Daniel Pauly Delivers Keynote at Seafood Summit

Daniel Pauly recently gave the keynote address at the 2010 Seafood Summit in Paris. His talk compared industrial fishing to a Ponzi scheme, where instead of extracting a sustainable interest from invested capital, we use up the capital itself, and hope for other ‘investors’. He discussed the three-way expansion of fishing through the 20th century: geographically, by fishing in distant waters and getting access to African, Caribbean and Pacific waters; by fishing in deeper and deeper waters; and a taxonomic expansion. Pauly then addressed aquaculture and its limitations, particularly the double accounting of carnivorous farmed fish. He finished by talking about conservation efforts and the need to include the small-scale fisheries in the developing world in conservation efforts. His full talk is available through the Seafood Summit website.

New Studies Give Shape to Future Jellyfish Research

jellyfish

Jellyfish appear to be on the rise and Sea Around Us Project members Deng Palomares and Daniel Pauly have recently published two studies in the journal Hydrobiologia that help lay the foundation for future jellyfish research. The first paper, co-authored with several other colleagues, provides an overview on the general aspects and shortcomings of jellyfish coverage in the online databases available to ecosystem modelers (i.e. Fishbase, Sealifebase, and Ecopath with Ecosim). The second study looks at the growth of jellyfish and concludes that jellyfish grow at a similar rate to small fishes. Their broad predictions on jellyfish growth might also assist in determining how specific, unstudied species might grow.

MEY=MSY

MEYWhen one considers all the extra value generated in a fishery such as processing, distribution and marketing of fish products, higher fisheries quotas make more sense, according to a new paper titled MEY=MSY by Villy Christensen published in Fish and Fisheries.
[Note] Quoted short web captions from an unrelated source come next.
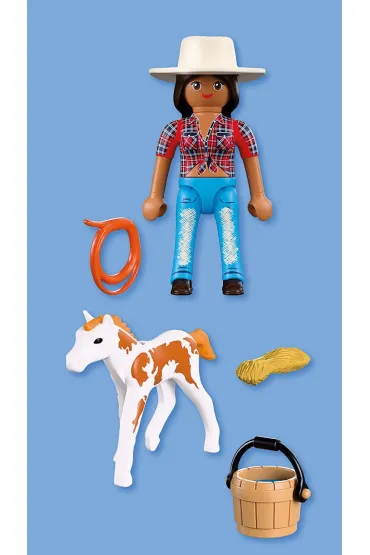Playmobil DuoPack Kowbojka ze �rebakiem 72026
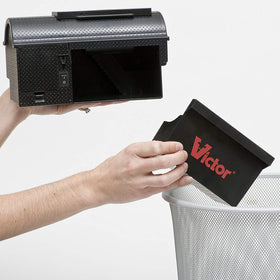 Victor M260 collection drawer enables no-touch disposal of mice.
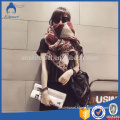 The fashion best sell long jacquard woven acrylic scarves and shawls made in China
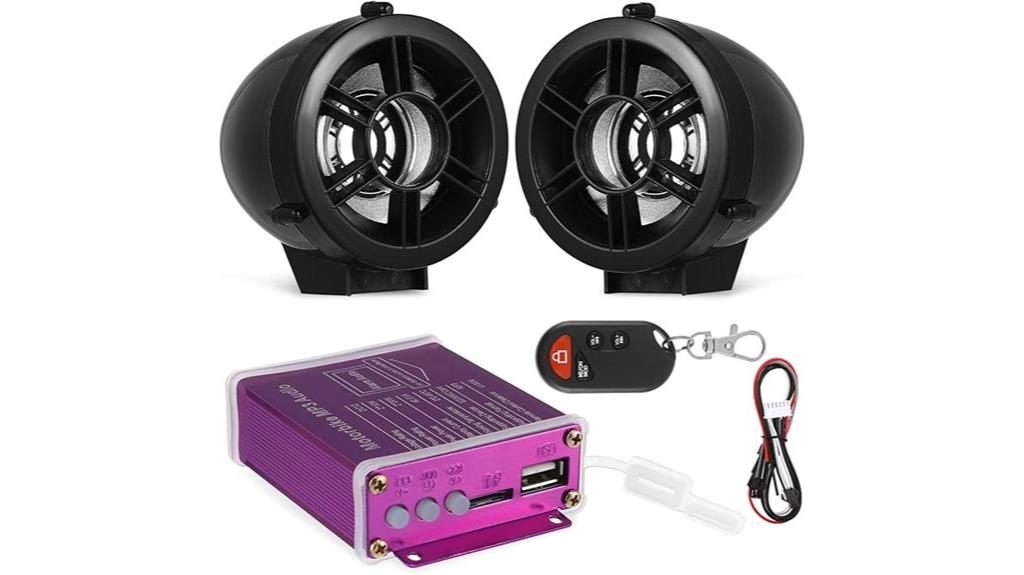 wireless motorcycle audio system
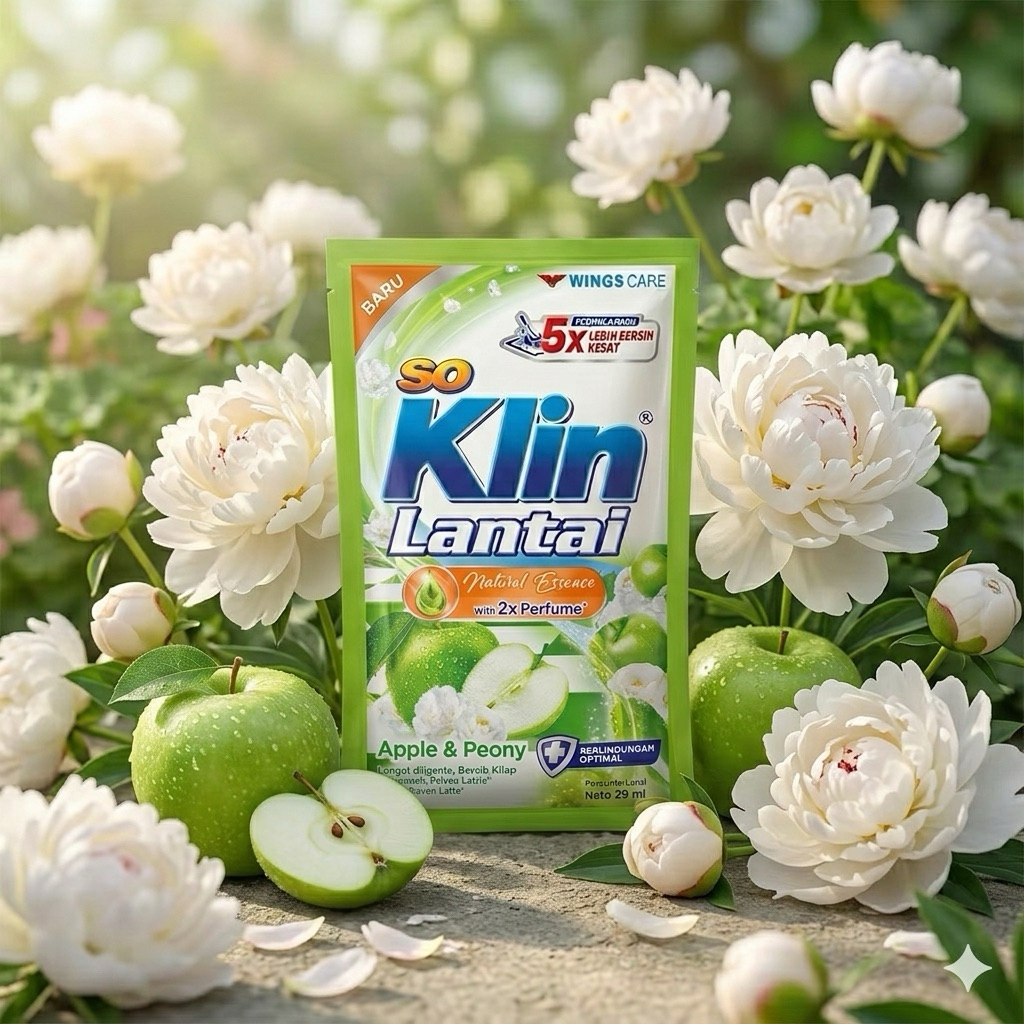 So Klin Lantai 23 ml / So Klin Lantai Apple & Peony / So Klin Lantai Hijau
For more than 50 years, it has been generally accepted that the fishing sector stood to gain from managing fisheries at the effort level producing maximum economic yield (MEY) rather than maximum sustainable yield (MSY), which occurs at a higher effort level. “If operating at the lower MEY level would result in so much higher profit to the individual boats and to the fishing sector while maintaining catches nearly at MSY why don’t they?” asks Christensen in the paper. He explains that MEY was built on the assumption that only the revenue and cost structure for the fishing fleet were considered. Christensen points out that when processing, distribution and marketing of fish products are taken into account, there are more profits to be gained, which in turn makes MSY — and a higher fishing effort — the more appropriate target for fisheries. Read the full paper here.

High Seas Fleet Kept Afloat with Subsidies

The Belise-registered deep sea trawler Chang Xing trawling in in High seas bottom trawlers catch some of the tastiest fish (think Orange roughy, rockfish, and Patagonian toothfish), which are also some of the most vulnerable and overfished species because they grow and mature so slowly. A new study shows that this type of overfishing continues because the  200-strong trawling fleet is kept afloat with government money.

Several members of the Sea Around Us Project led by fisheries economist Rashid Sumaila estimated bottom trawl fleets operating in the high seas, i.e., outside of the Exclusive Economic Zones of maritime countries, receive an estimated US$152 million per year in fisheries subsides, which is 25% of the total landed value of the fish. The profit achieved by this vessel group is normally not more than 10% of landed value, which means that without subsidies, the bulk of the world’s bottom trawl fleet operating in the high seas will be operating at a loss, and unable to fish, thereby reducing the current threat to deep-sea and high seas fish stocks. The study is titled Subsidies to high seas bottom trawl fleets and the sustainability of deep-sea demersal fish stocks and was published online this month in the journal Marine Policy.